Since you are accustomed to sleeping with PS of 11, on your ASV machine I think you'll probably be most comfortable with Min PS of 4 or higher.

With ResMed ASV machines, Min PS and Max PS cannot be set to the same pressure. In fact, Max PS must be at least 5 higher than Min PS. If Min PS is 5 then the Max PS must be at least 10.

On a ResMed ASV machine, the highest Min PS can be set is 6. If Min PS were raised to 6, Max PS would have to be raised to at least 11.

ResMed redesigned their website a couple years ago to be more sales oriented and dropped a lot of information from their website.

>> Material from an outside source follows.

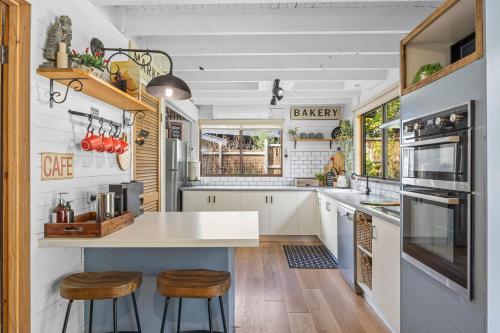 a kitchen with a large white counter and stools at Cedar Country Retreat in Halls Gap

It used to say something to the effect that, for a person with normal lungs a PS as high as 10 would be sufficient to do just about all the work of breathing for us.

You are used to an unchanging PS of 11. That means the BiPAP may have been doing just about all the work of breathing for you, with no effort needed by you, except to speed things up a little when you initiated inhalations on your own faster than the backup rate for breaths per minute.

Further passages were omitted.